Apple Contests Court Order To Unlock iPhone Of San Bernardino Gunman

This situation is a little more involved than it appears. On the surface, it looks like Apple is refusing to help the FBI hack into the iPhone of a terrorist, but in truth Apple is refusing to create software that can be abused.

The iPhone in question is protected by the same encryption that every iPhone has. A pin is required to unlock it and it is protected by three security features: an auto-erase function that deletes the phone’s content after 10 incorrect passwords, a mandatory delay between entering passwords after a certain number of failed attempts, and a requirement that the password be entered manually instead of being quickly entered by a computer.

What the FBI is asking Apple to do is create software that will circumvent those security features, allowing the FBI to “brute force” the password with computers. Apple feels that building that kind of software would amount to building a whole “new version of the iPhone operating system”, specifically made to lift the security features. Apple CEO Tim Cook said this in an open letter:

“In the wrong hands, this software — which does not exist today — would have the potential to unlock any iPhone in someone’s physical possession. …

“The government suggests this tool could only be used once, on one phone. But that’s simply not true. Once created, the technique could be used over and over again, on any number of devices. In the physical world, it would be the equivalent of a master key, capable of opening hundreds of millions of locks — from restaurants and banks to stores and homes. No reasonable person would find that acceptable.”

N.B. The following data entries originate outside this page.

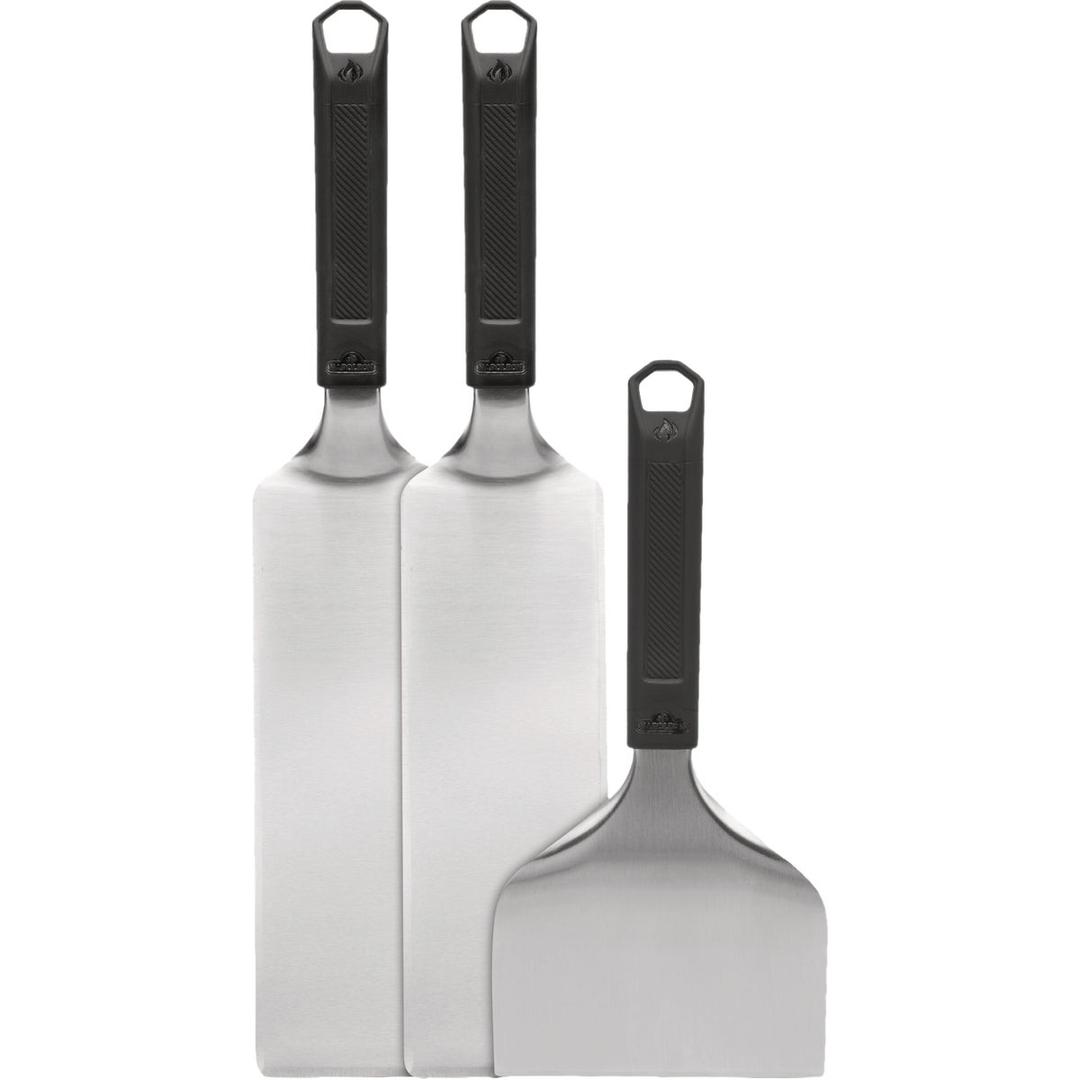 Product 814407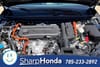 15 thumbnail image of  2026 Honda Accord Hybrid EX-L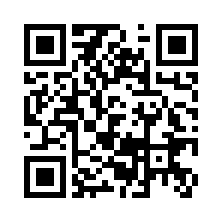 QR Code for 3CLuExf7FM21qRddhcfdpe2FqMgo3wrDMD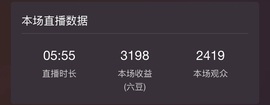 小小、有点甜🐳的图片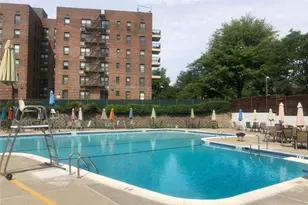 226-26 Union Turnpike, Oakland Gardens, NY 11364 - Photo 17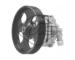 Hydraulické čerpadlo, řízení Metalcaucho 51669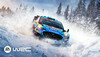 Купить EA SPORTS WRC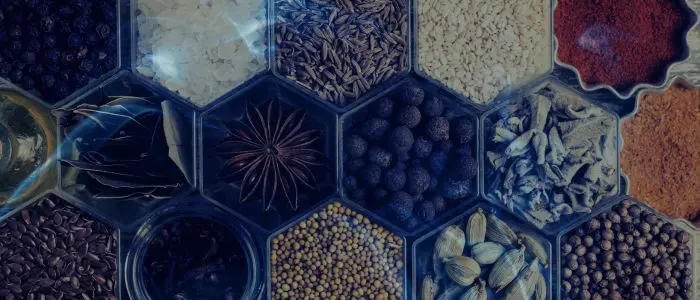 13 Biblical Meaning of Dreaming of Spices
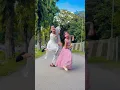 Download Lagu Nazar Mein Tu Jigar Me Tu#Shorts#Dance#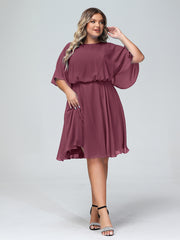 Mulberry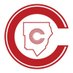 Cobb Schools (@cobbbschools) Twitter profile photo Cobb Schools (@cobbbschools) Twitter profile photo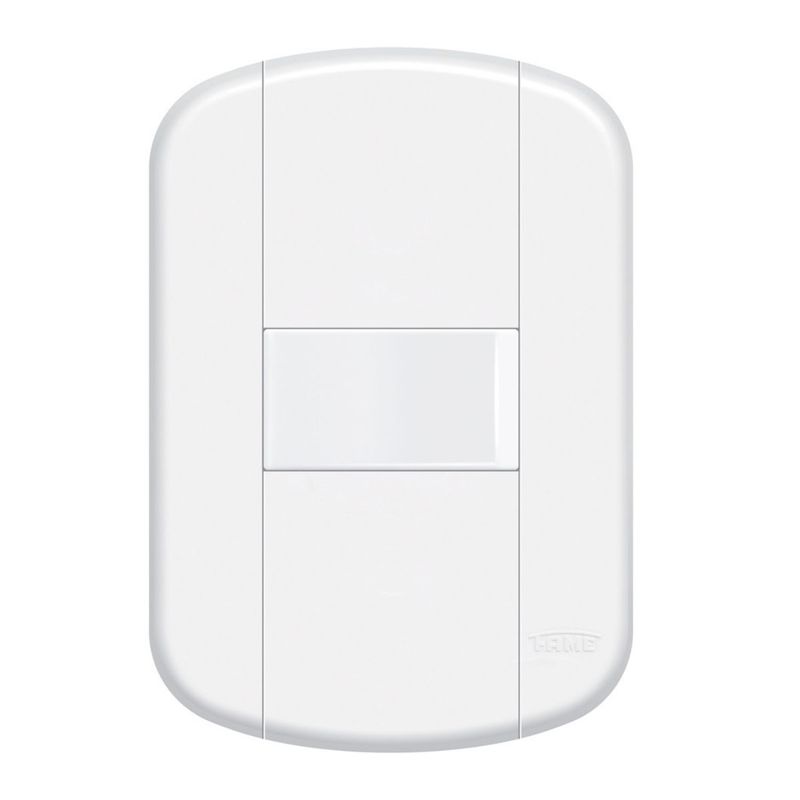 Conjunto_Interruptor_Blanc_Simples_16a_Fame_103495901jpg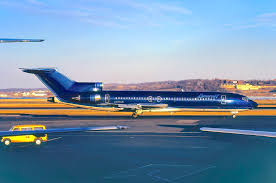 Image result for Bleu Celeste 1985 Fleet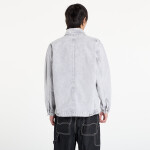 Bunda Carhartt WIP OG Arctic Jacket UNISEX Black Chalk Wash XS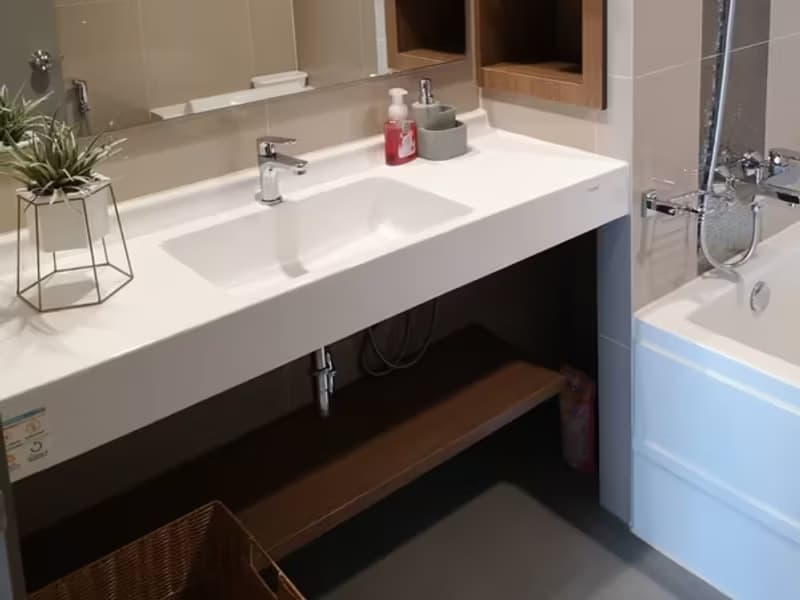 Condo for Rent, Sale at Ideo Sukhumvit 93
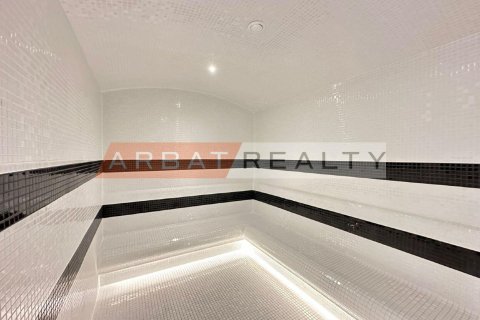 استوديو شقة في Al Furjan, الإمارات العربية المتحدة رقم 185318 12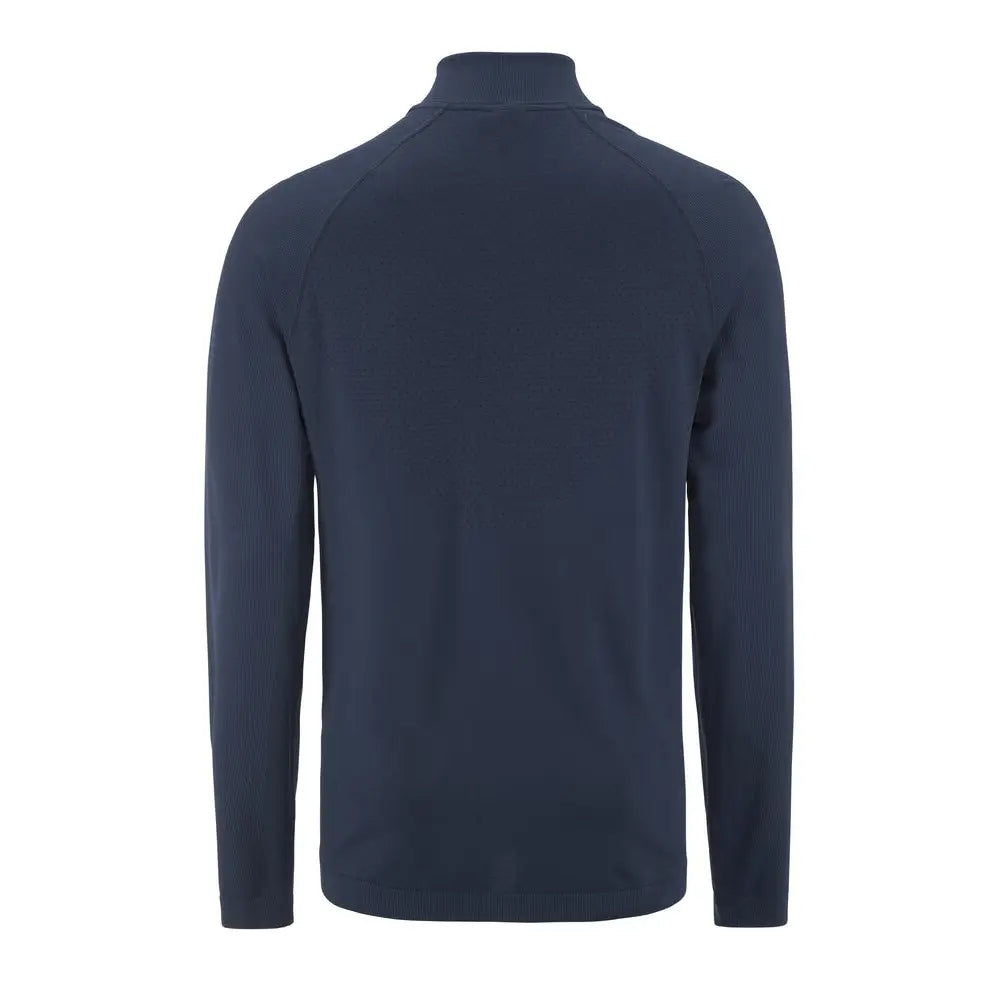 Craft Active Comfort LS HZ 2 M - Navy / S - Työvaatteet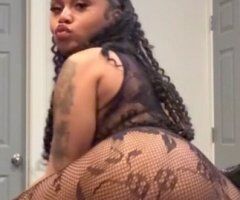 Shreveport escorts - Shreveport LA Female Escort — Real Photos, Unrushed, Thick & Juicy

Apple has complied with everything the FBI has asked for up until now. The company feels that once such a software is created, the FBI could easily come to them and ask them to do it again. The company doesn’t want software like this to exist.

Apple isn’t alone, they have the support of others in the tech world. Edward Snowden agrees that this software is bad news and would allow the FBI to break into any iPhone in under a half hour. The chief executive of Google and the founder of WhatsApp also stand by Apple and their decision to contest the FBI, they fear that once a precedent is set, backdoors could be forced into their code too and once a security bypass exists, it could fall into the hands of criminals.

Time will tell is Apple buckles under government pressure, or if a different method can be agreed upon.